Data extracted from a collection
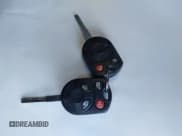 ✅ 2016 Ford Transit Cargo • VIN: 1FTYR3XM3GKA11933 • Lot: 43051661. Wystawiony na IAAI z przebiegiem 65 767 mil. Bezpłatny archiwum sprzedaży aukcyjnych z USA i szczegółowy raport historii pojazdu na DreamBid. Zdjęcie 11.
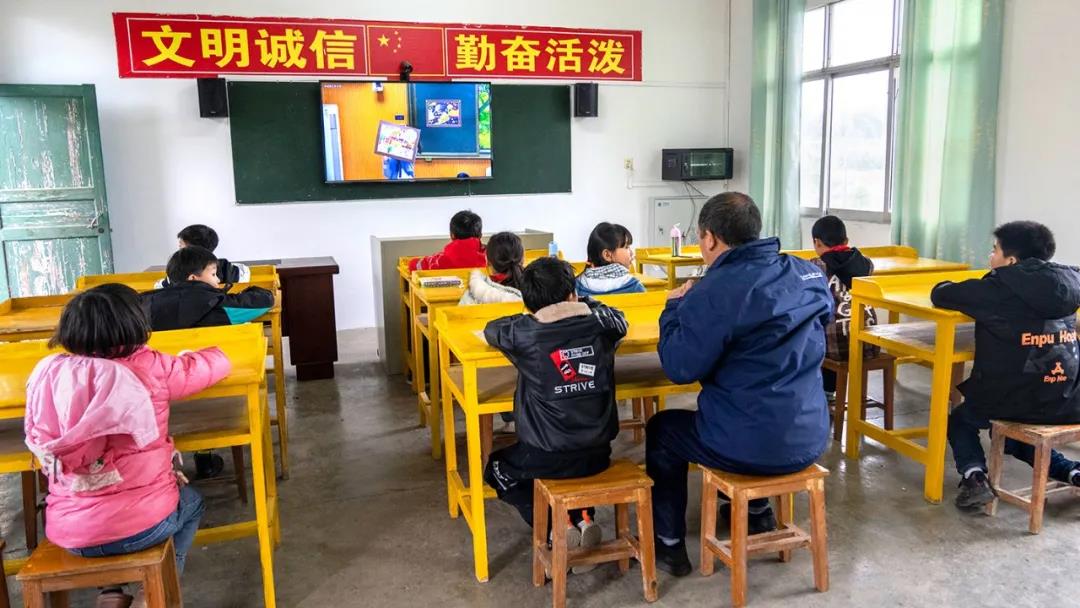 積極響應(yīng)時(shí)代政策，奧威亞“全連接”生態(tài)助推教育信息化發(fā)展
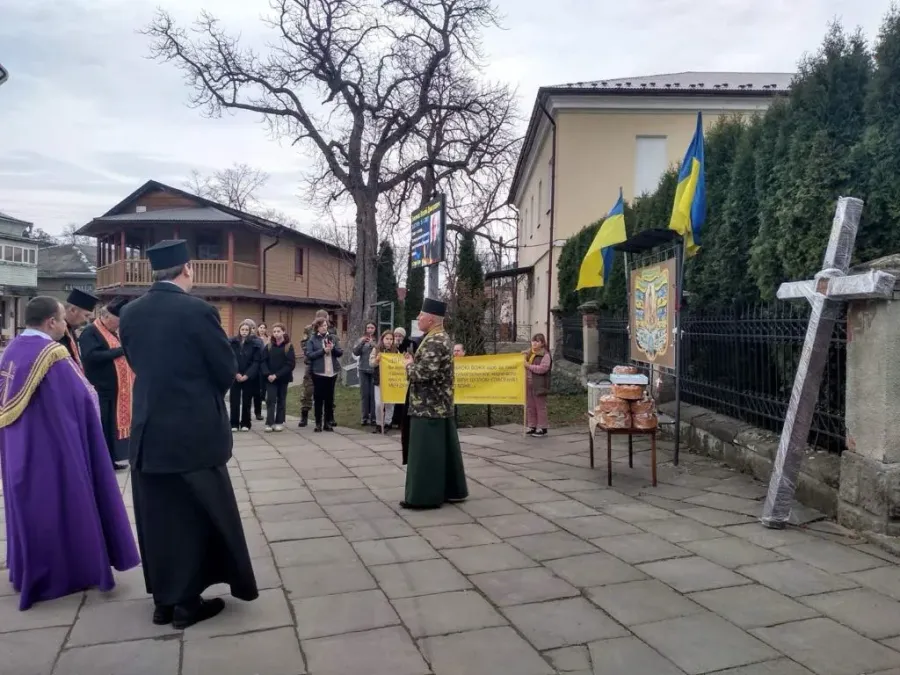 Хрест, який нестимуть паломники, встановлять на Аскольдовій могилі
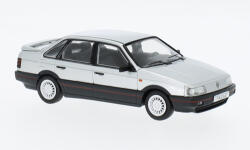 Ixo Models VW Passat GT (B3) Silver 19881/43 (25721)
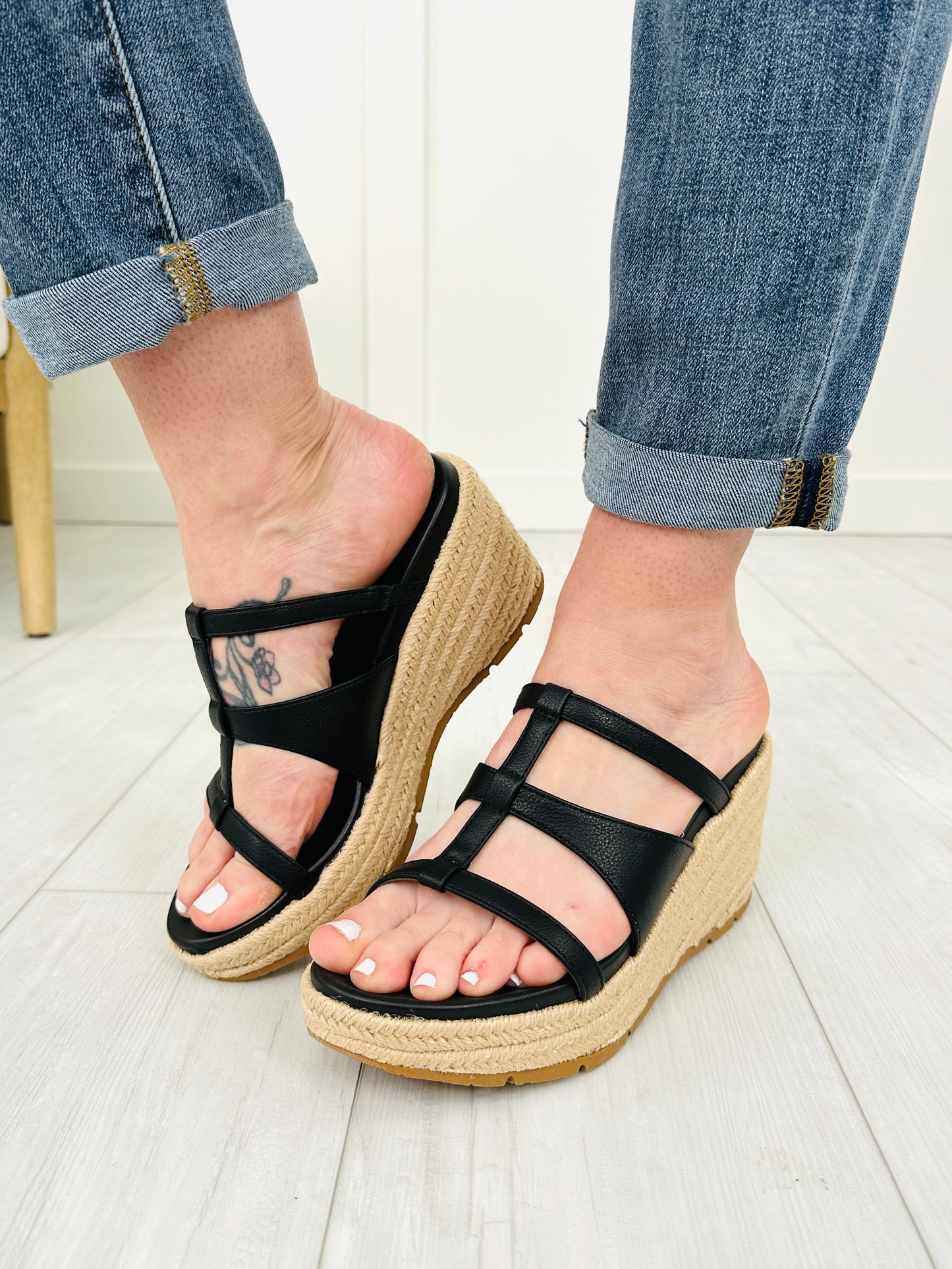 Rope Me In Wedges In Black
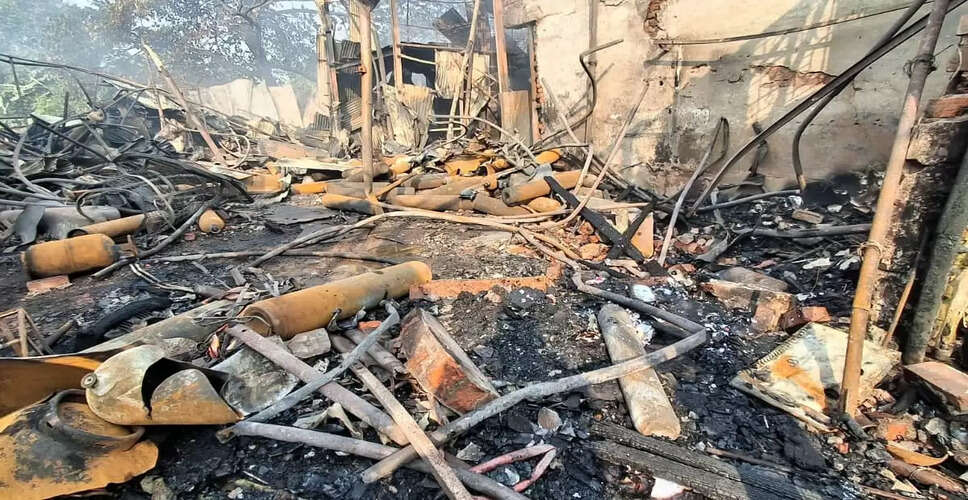 Tragic Gas Cylinder Explosion Claims Three Lives in Andhra Pradesh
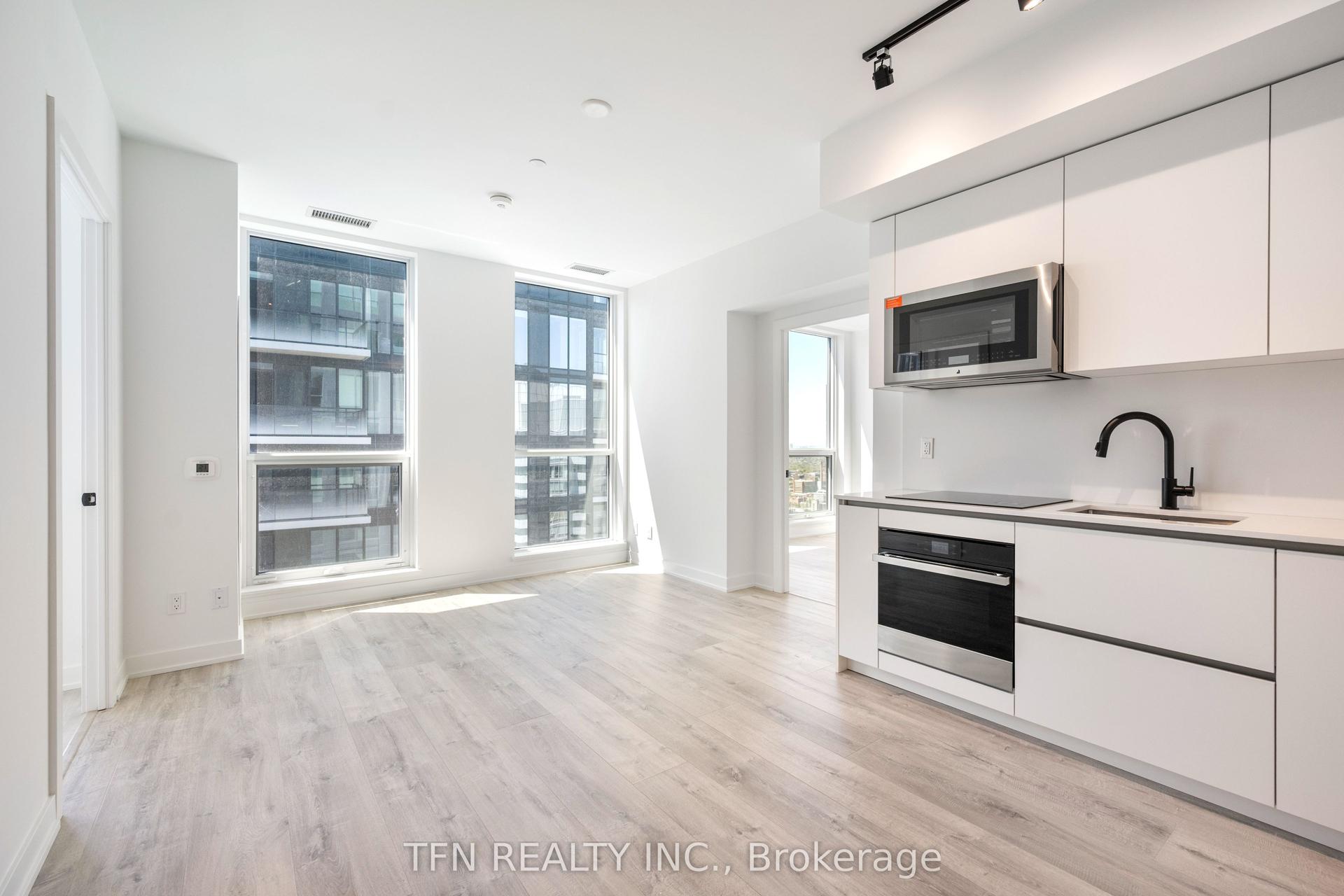 327 King Street W 4704 #4704, Toronto — Condo for sale, photo 1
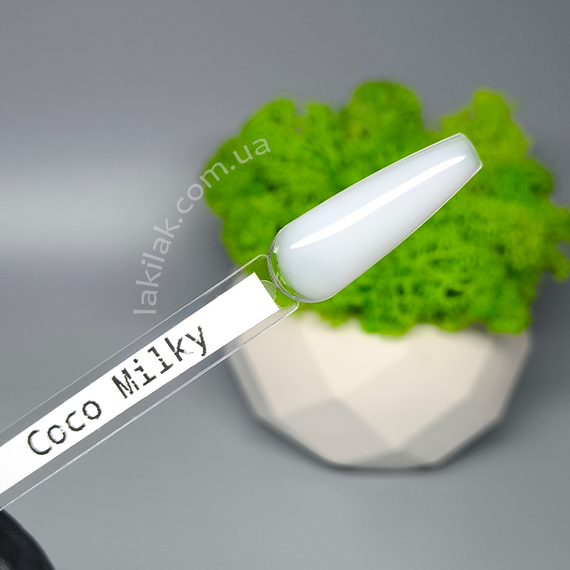 Рідкий полігель Starlet Professional Coco Milky 15мл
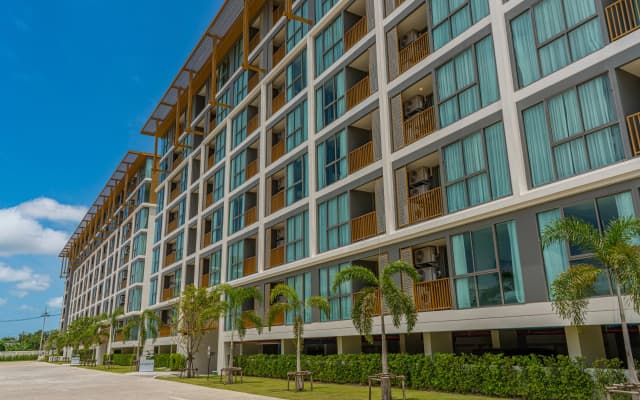 1BR Ozone Oasis Pool Gym & Beach Shuttle Apartments - photo 2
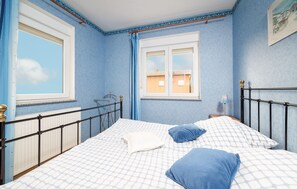 1 bedroom, travel cot, free WiFi, bed sheets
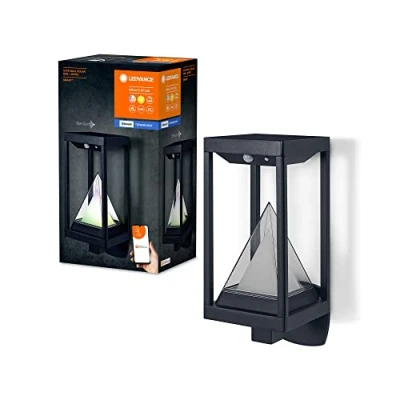 Afbeelding van LEDVANCE SMART+ outdoor Bluetooth solar wandlamp, met warm wit (3000K) en gekleurd licht, bruikbaar zonder stroom, tot 2,5 uur brandduur bij 100% oplaadbaar USB C kabel IP44 sensor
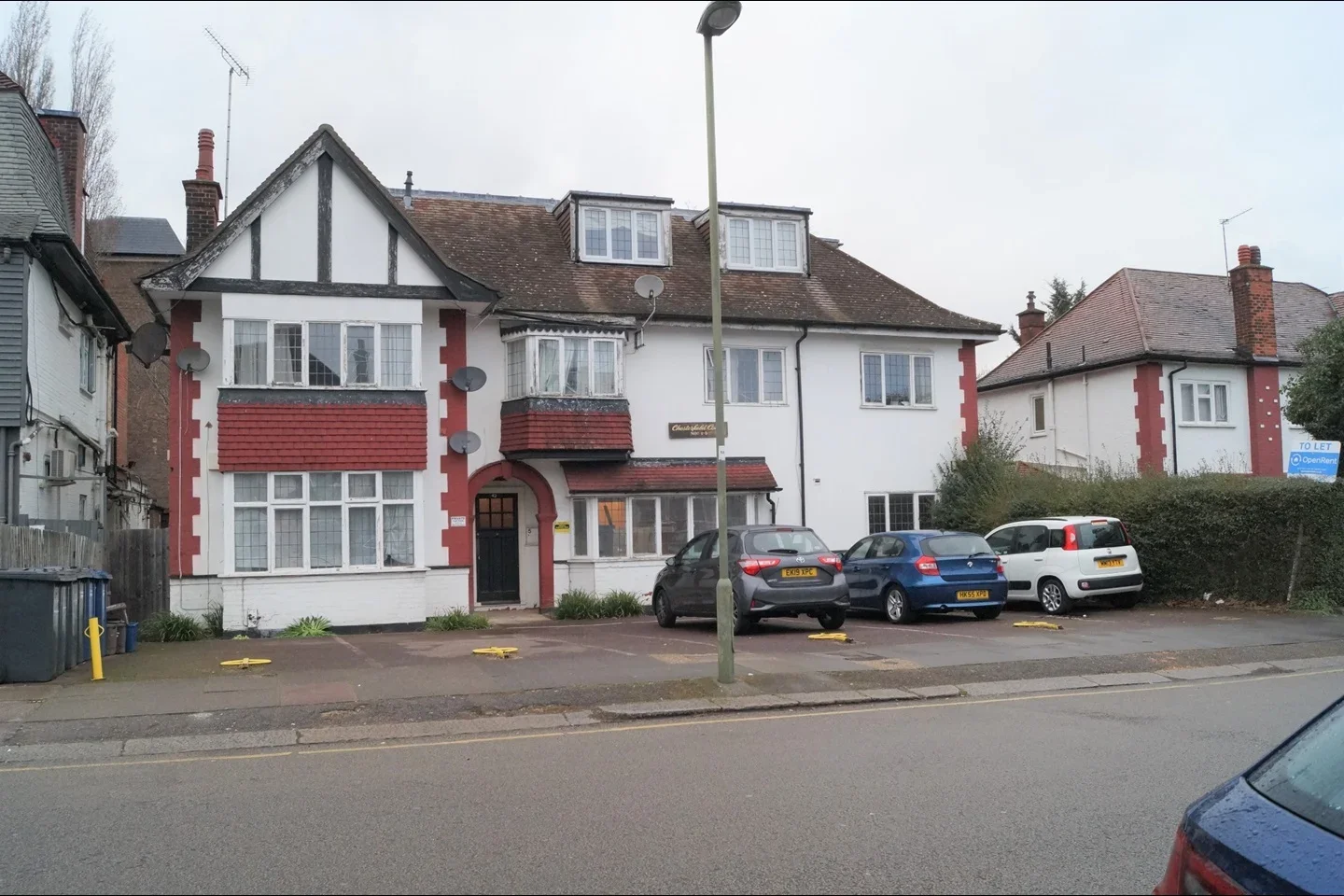 Flat Ravenscroft Avenue in Greater London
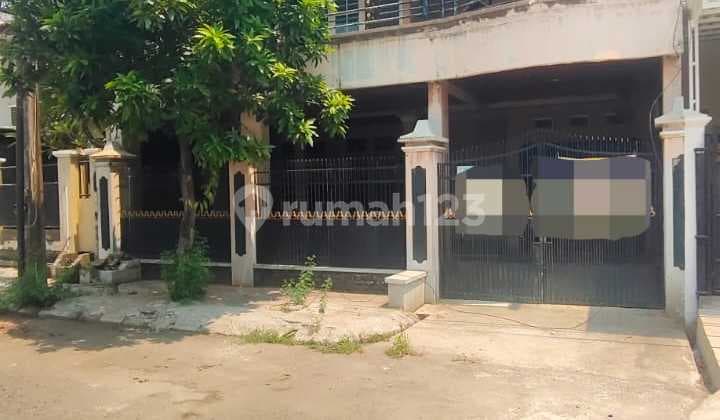 Dijual Rumah 2 Lantai di Kota Harapan Indah, Medan Satria, Kota Bekasi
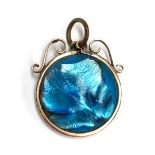 A 9ct gold mounted foiled blue glass cabochon pendant, 2.2cmD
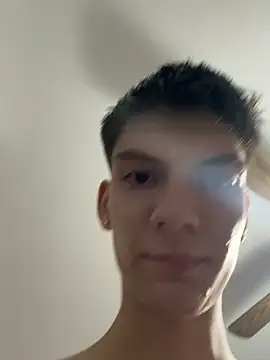 Snapshot of Luck__090 chatting on September 23, 2025, 11:19 pm Luck 090 online show from September 23, 2025, 11:19 pm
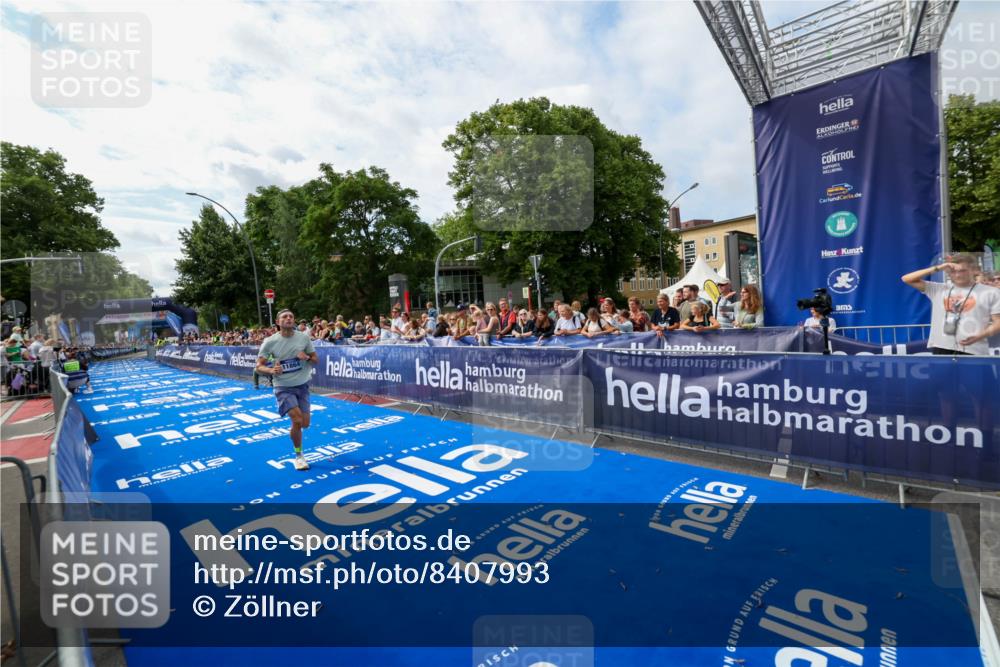 29.06.2025 - hella hamburg halbmarathon Zöllner http://msf.ph/oto/8407993 29.06.2025 10:16:42 Ziel 11864 meine-sportfotos.de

▶ _Brief_: Print the records again exactly. Skip every picture.

▶ _Response to the task_:
 ✅ 2016 Ford Transit Cargo • VIN: 1FTYR3XM3GKA11933 • Lot: 43051661. Wystawiony na IAAI z przebiegiem 65 767 mil. Bezpłatny archiwum sprzedaży aukcyjnych z USA i szczegółowy raport historii pojazdu na DreamBid. Zdjęcie 11.
 積極響應(yīng)時(shí)代政策，奧威亞“全連接”生態(tài)助推教育信息化發(fā)展
 Хрест, який нестимуть паломники, встановлять на Аскольдовій могилі
 Ixo Models VW Passat GT (B3) Silver 19881/43 (25721)
 Rope Me In Wedges In Black
 Tragic Gas Cylinder Explosion Claims Three Lives in Andhra Pradesh
 327 King Street W 4704 #4704, Toronto — Condo for sale, photo 1
 Рідкий полігель Starlet Professional Coco Milky 15мл
 1BR Ozone Oasis Pool Gym & Beach Shuttle Apartments - photo 2
 1 bedroom, travel cot, free WiFi, bed sheets
 Afbeelding van LEDVANCE SMART+ outdoor Bluetooth solar wandlamp, met warm wit (3000K) en gekleurd licht, bruikbaar zonder stroom, tot 2,5 uur brandduur bij 100% oplaadbaar USB C kabel IP44 sensor
 Flat Ravenscroft Avenue in Greater London
 Dijual Rumah 2 Lantai di Kota Harapan Indah, Medan Satria, Kota Bekasi
 A 9ct gold mounted foiled blue glass cabochon pendant, 2.2cmD
 Snapshot of Luck__090 chatting on September 23, 2025, 11:19 pm Luck 090 online show from September 23, 2025, 11:19 pm
 29.06.2025 - hella hamburg halbmarathon Zöllner http://msf.ph/oto/8407993 29.06.2025 10:16:42 Ziel 11864 meine-sportfotos.de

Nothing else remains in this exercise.